| Work instructions |
The required output is the stretch from the line containing "Red Bamboo Canvas" through the line containing "Duplex - 79 m² - 5 pièces" in the records below, unaltered and with no pictures.

| Exercise data |
---*---

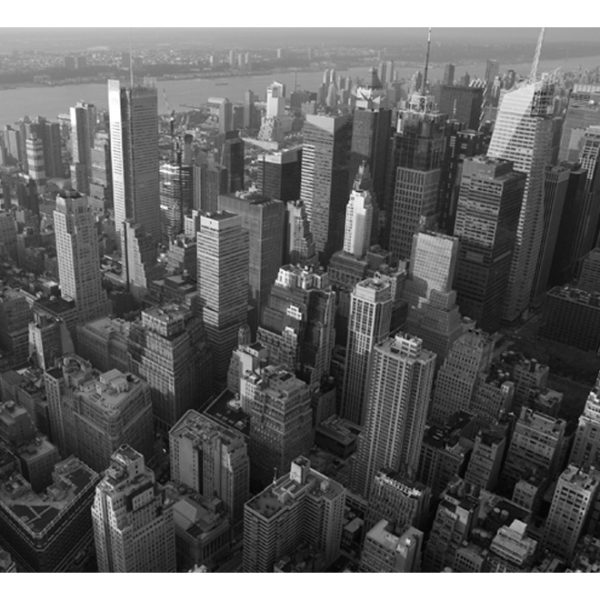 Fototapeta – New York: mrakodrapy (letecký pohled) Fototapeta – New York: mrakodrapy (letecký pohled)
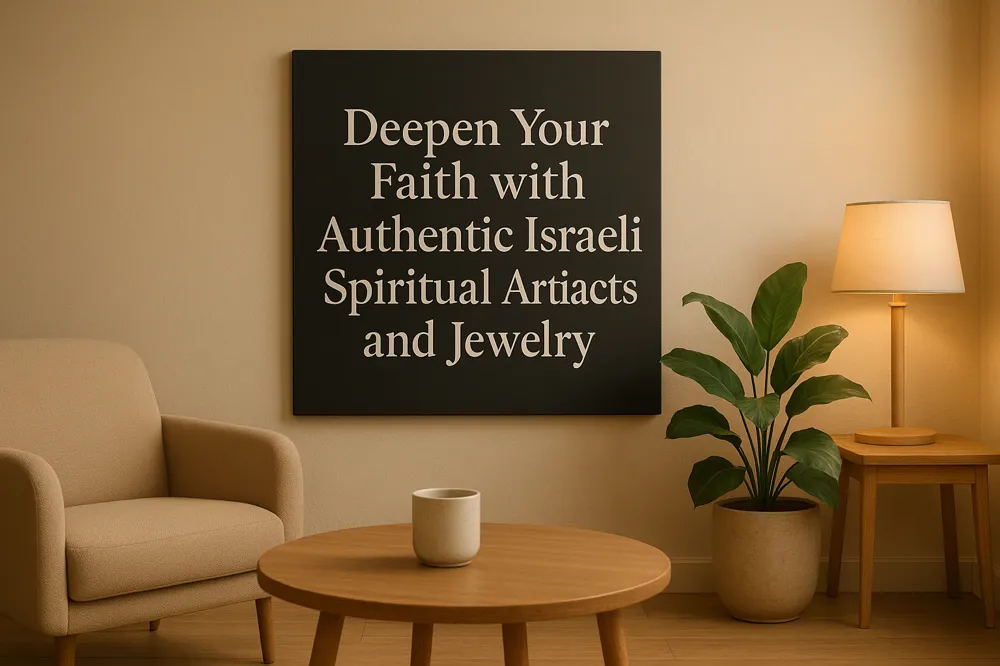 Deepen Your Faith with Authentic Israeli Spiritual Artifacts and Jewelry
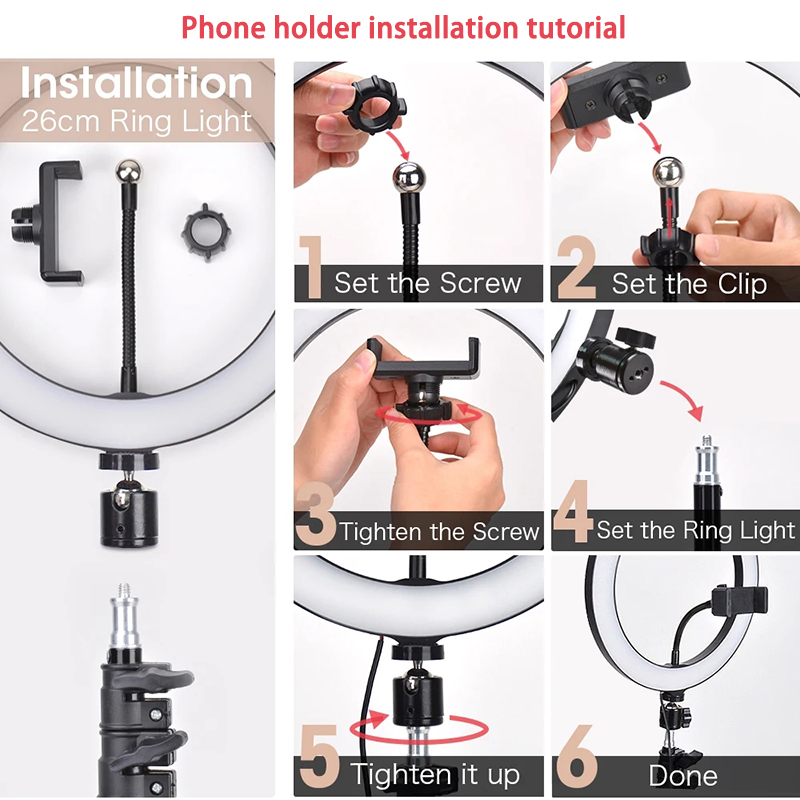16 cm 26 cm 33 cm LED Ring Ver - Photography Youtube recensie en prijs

---*---

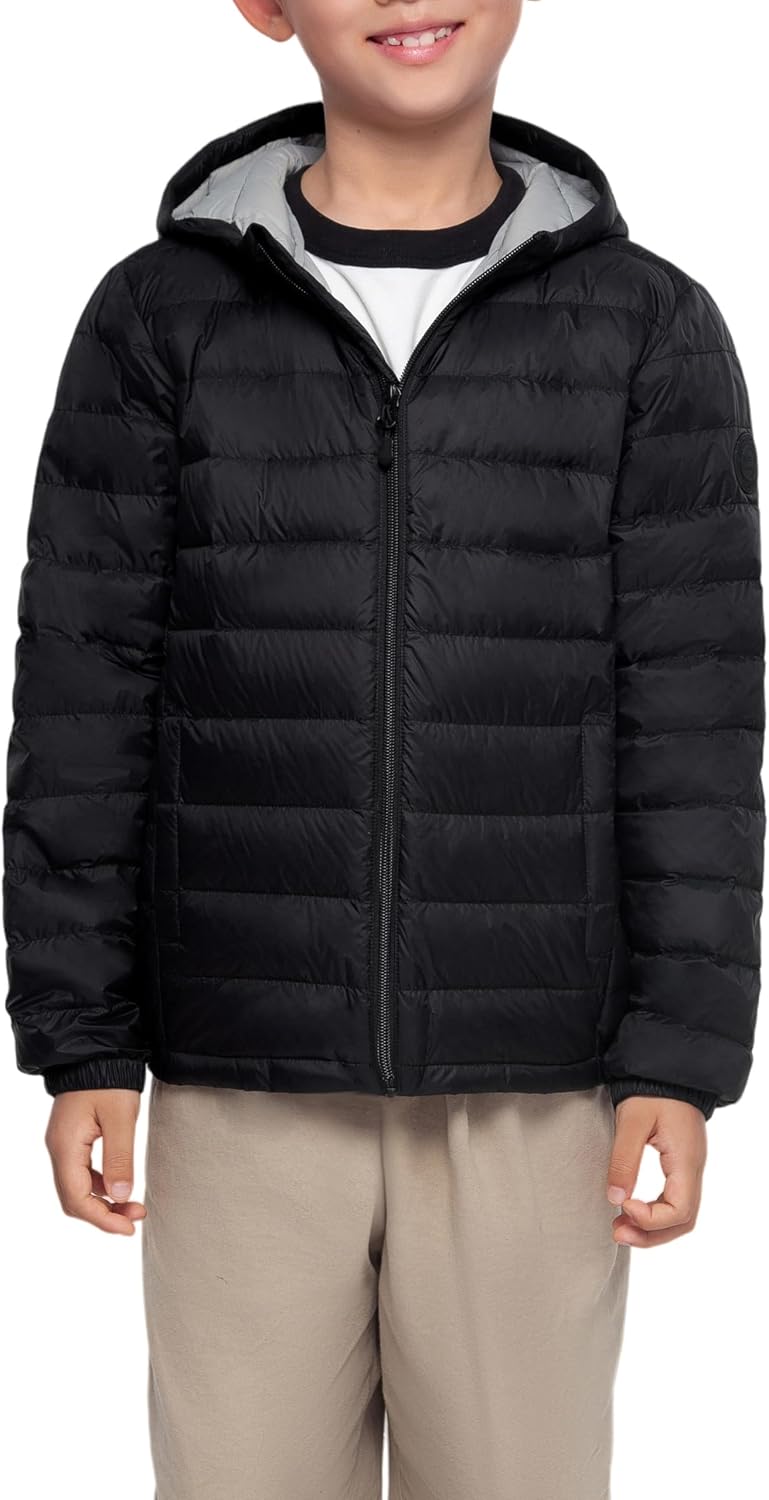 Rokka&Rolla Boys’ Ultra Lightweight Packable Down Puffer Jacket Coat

---*---

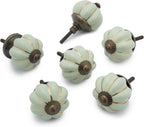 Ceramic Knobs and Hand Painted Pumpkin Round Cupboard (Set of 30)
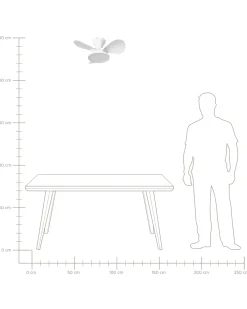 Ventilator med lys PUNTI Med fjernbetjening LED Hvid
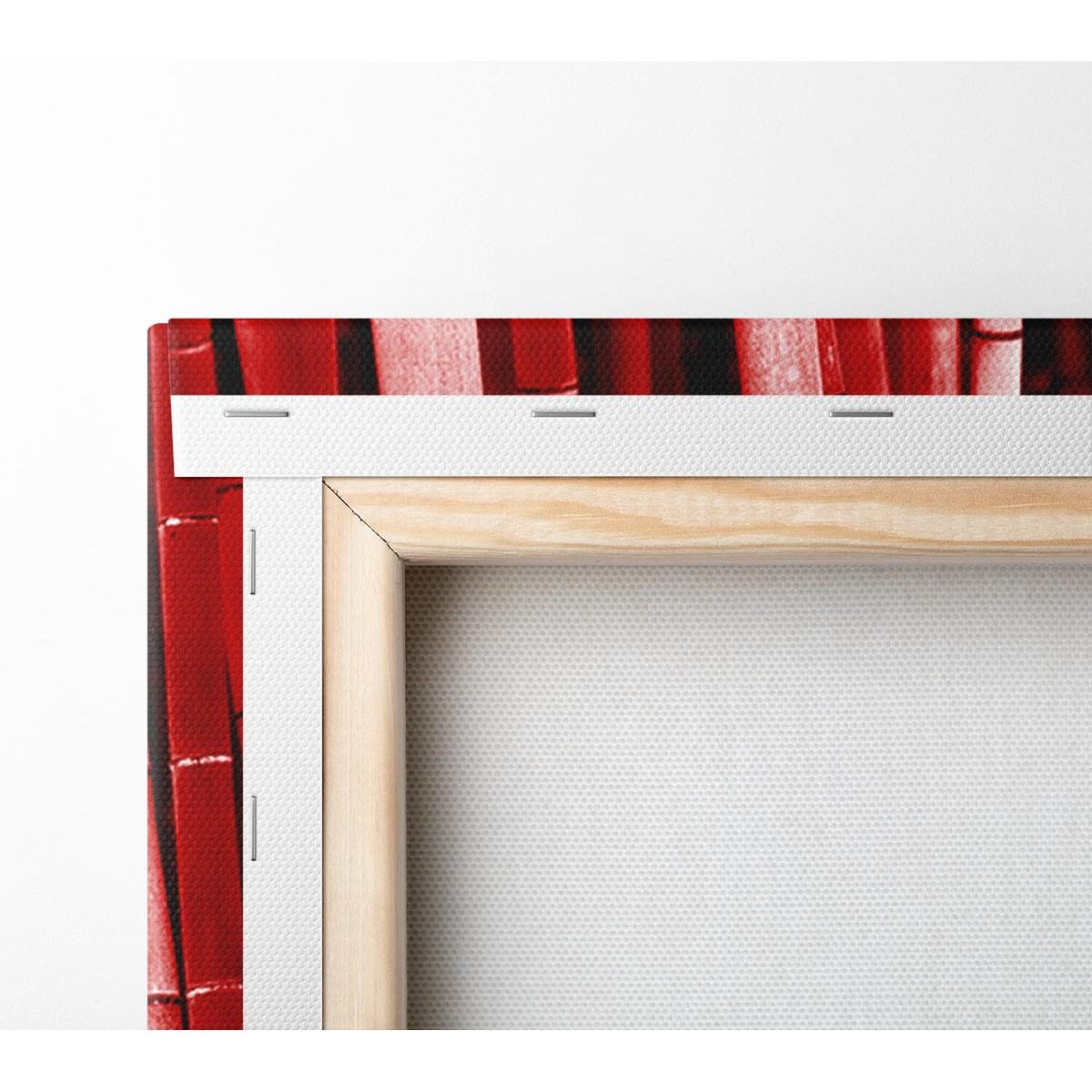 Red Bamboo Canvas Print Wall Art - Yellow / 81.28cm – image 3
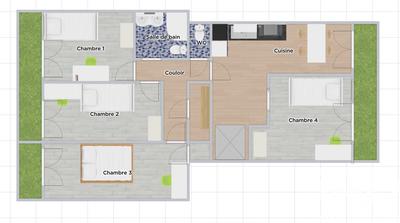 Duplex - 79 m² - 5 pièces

---*---

| Output below |
 Red Bamboo Canvas Print Wall Art - Yellow / 81.28cm – image 3
 Duplex - 79 m² - 5 pièces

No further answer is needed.